The training data can be in any form suitable for training a model, according to one of a variety of different learning techniques. Learning techniques for training a model can include supervised learning, unsupervised learning, and semi-supervised learning techniques. For example, the training data can include multiple training examples that can be received as input by a model. The training examples can be labeled with a desired output for the model when processing the labeled training examples. The label and the model output can be evaluated through a loss function to determine an error, which can be backpropagated through the model to update weights for the model. For example, if the machine learning task is a classification task, the training examples can be images labeled with one or more classes categorizing subjects depicted in the images. As another example, a supervised learning technique can be applied to calculate an error between outputs, with a ground-truth label of a training example processed by the model. Any of a variety of loss or error functions appropriate for the type of the task the model is being trained for can be utilized, such as cross-entropy loss for classification tasks, or mean square error for regression tasks. The gradient of the error with respect to the different weights of the candidate model on candidate hardware can be calculated, for example using a backpropagation algorithm, and the weights for the model can be updated. The model can be trained until stopping criteria are met, such as a number of iterations for training, a maximum period of time, a convergence, or when a minimum accuracy threshold is met.
From the inference data and/or training data, the image generation system can be configured to output one or more results related to images generated as output data. As examples, the results can be any kind of score, classification, or regression output based on the input data.
As an example, the image generation system can be configured to send output data for display on a client or user display. As another example, the image generation system can be configured to provide the output data as a set of computer-readable instructions, such as one or more computer programs. The computer programs can be written in any type of programming language, and according to any programming paradigm, e.g., declarative, procedural, assembly, object-oriented, data-oriented, functional, or imperative. The computer programs can be written to perform one or more different functions and to operate within a computing environment, e.g., on a physical device, virtual machine, or across multiple devices. The computer programs can also implement functionality described herein, for example, as performed by a system, engine, module, or model. The image generation system can further be configured to forward the output data to one or more other devices configured for translating the output data into an executable program written in a computer programming language. The image generation system can also be configured to send the output data to a storage device for storage and later retrieval.
The image generation system 700 can include one or more image generation engines 710. The image generation engines 710 can be engines, models, or modules implemented as one or more computer programs, specially configured electronic circuitry, or any combination thereof. The image generation engines 710 can be configured to generate imagery in response to verbal or textual input.
The server computing device can include one or more processors and memory.
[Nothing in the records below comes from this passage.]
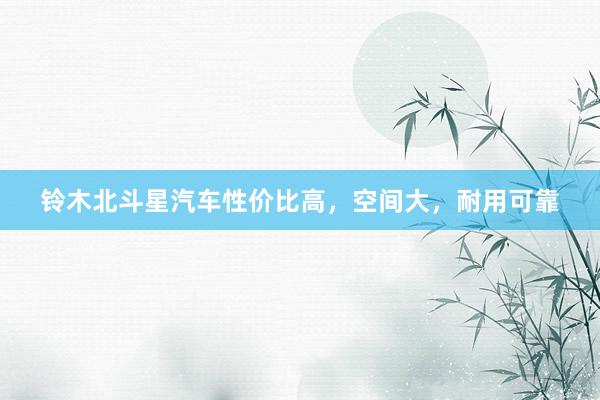铃木北斗星汽车性价比高，空间大，耐用可靠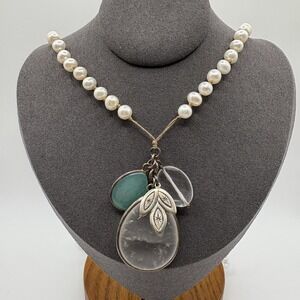 Silpada Oh So Pretty Pearl Quartzite Beaded Pendant Necklace Sterling Silver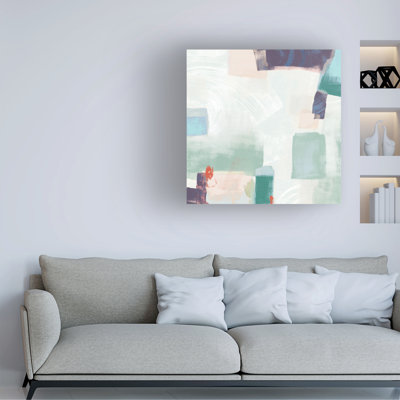 Wrapped Canvas Wall Art - June Erica Vess  'Saltwater Sortie II' Wall Art for Living Room, Bedroom, or Office Décor  - 18x18
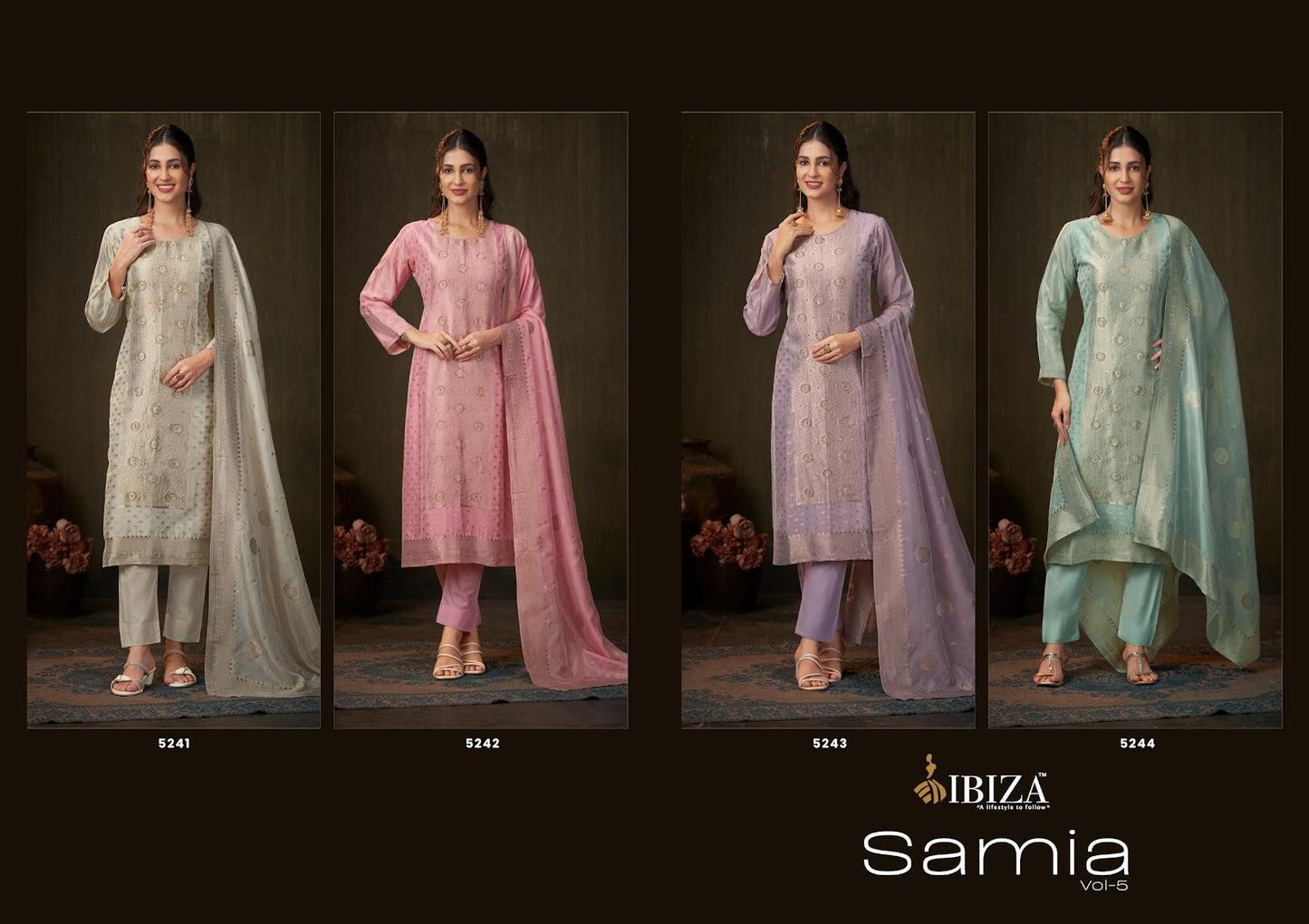 Samia Vol 5 Ibiza Banglori Silk Pant Style Suits Exporter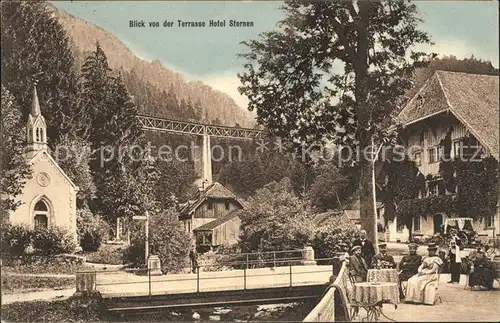 Hoellsteig Blick von der Terrasse Hotel Sternen Hoellentalbahn Eisenbahnbruecke Kat. Hinterzarten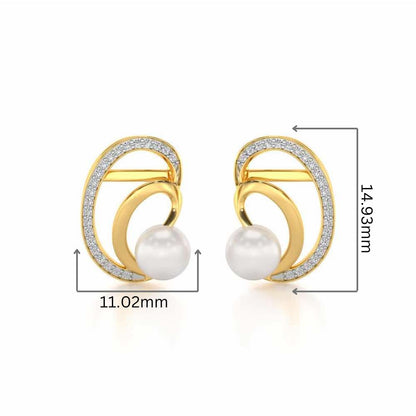 Oyster Silver Pearl Earrings - Yellow Gold - Image 2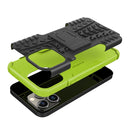 For iPhone 14 Pro Tire Texture TPU + PC Phone Case with Holder(Green)
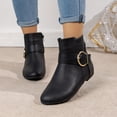 thumbnail image 1 of Mareep Women's Solid Color Solid Color Plus Size Thick Heel Pointed Buckle Short Boots Shoes Beautiful Gift Shoes Clearance, 1 of 5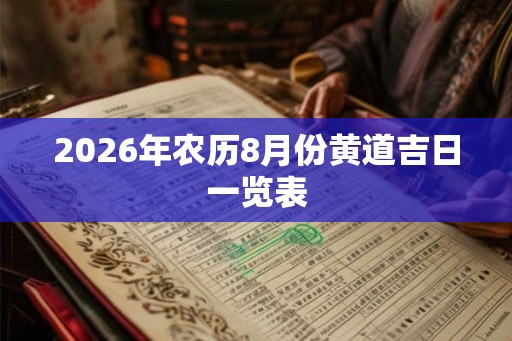 2026年农历8月份黄道吉日一览表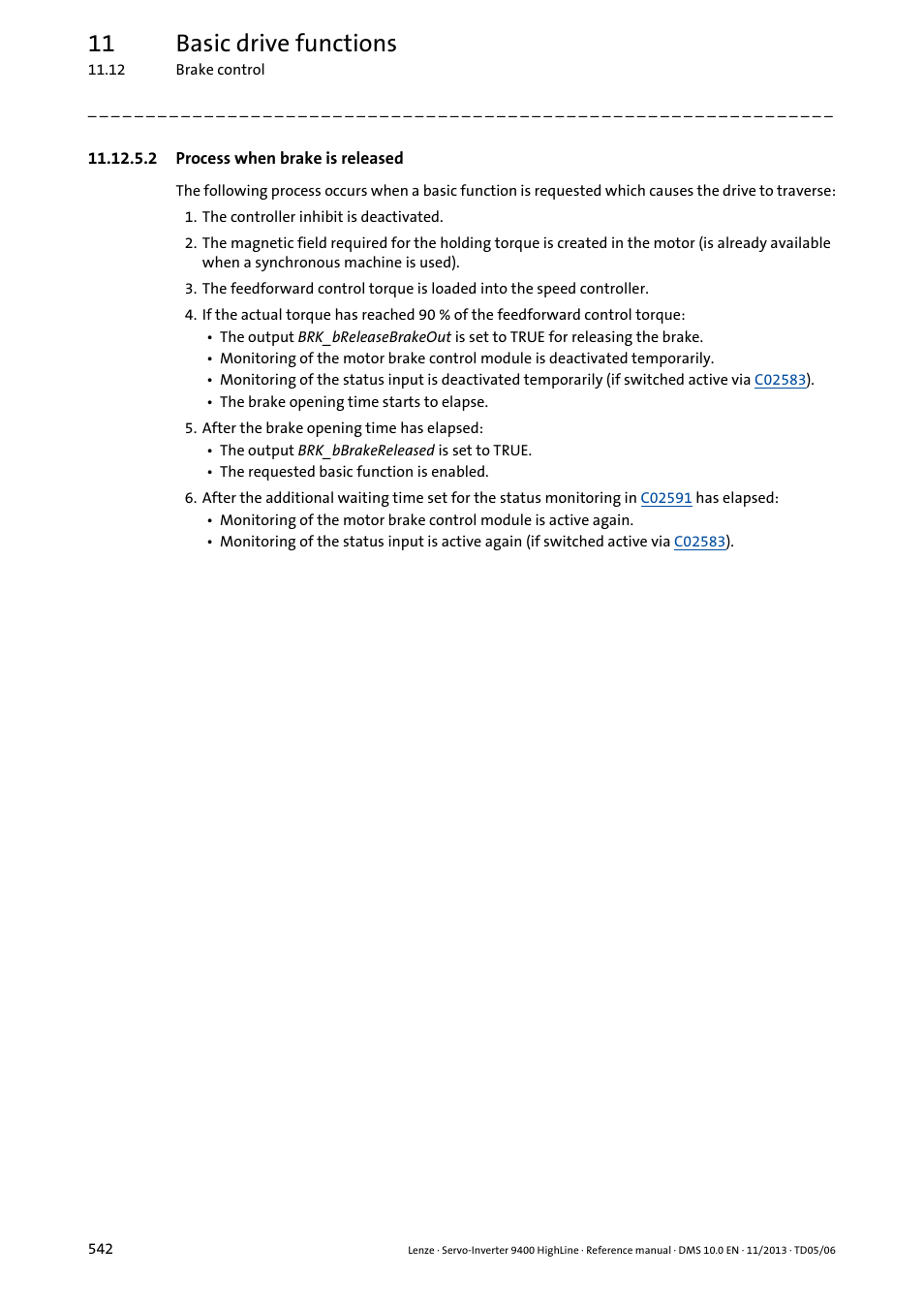 2 process when brake is released, 11 basic drive functions | Lenze 9400 User Manual | Page 542 / 954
The memory can store information accessible by the processors, including instructions that can be executed by the processors. The memory can also include data that can be retrieved, manipulated, or stored by the processors. The memory can be a type of non-transitory computer readable medium capable of storing information accessible by the processors, such as volatile and non-volatile memory. The processors can include one or more central processing units (CPUs), graphic processing units (GPUs), field-programmable gate arrays (FPGAs), and/or application-specific integrated circuits (ASICs), such as tensor processing units (TPUs).
The instructions can include one or more instructions that, when executed by the processors, cause the one or more processors to perform actions defined by the instructions. The instructions can be stored in object code format for direct processing by the processors, or in other formats including interpretable scripts or collections of independent source code modules that are interpreted on demand or compiled in advance. The instructions can include instructions for implementing the image generation system 700. The image generation system can be executed using the processors, and/or using other processors remotely located from the server computing device.
The data can be retrieved, stored, or modified by the processors in accordance with the instructions. The data can be stored in computer registers, in a relational or non-relational database as a table having a plurality of different fields and records, or as JSON, YAML, proto, or XML documents. The data can also be formatted in a computer-readable format such as, but not limited to, binary values, ASCII, or Unicode. Moreover, the data can include information sufficient to identify relevant information, such as numbers, descriptive text, proprietary codes, pointers, references to data stored in other memories, including other network locations, or information that is used by a function to calculate relevant data.
The client computing device can also be configured similarly to the server computing device, with one or more processors, memory, instructions, and data. The client computing device can also include a user input and a user output. The user input can include any appropriate mechanism or technique for receiving input from a user, such as keyboard, mouse, mechanical actuators, soft actuators, touchscreens, microphones, and sensors.
The server computing device can be configured to transmit data to the client computing device, and the client computing device can be configured to display at least a portion of the received data on a display implemented as part of the user output. The user output can also be used for displaying an interface between the client computing device and the server computing device. The user output can alternatively or additionally include one or more speakers, transducers or other audio outputs, a haptic interface or other tactile feedback that provides non-visual and non-audible information to the platform user of the client computing device.
Although
The server computing device can be connected over the network to a data center housing any number of hardware accelerators. The data center can be one of multiple data centers or other facilities in which various types of computing devices, such as hardware accelerators, are located. Computing resources housed in the data center can be specified for deploying models related to generating images based on text or verbal input cues as described herein.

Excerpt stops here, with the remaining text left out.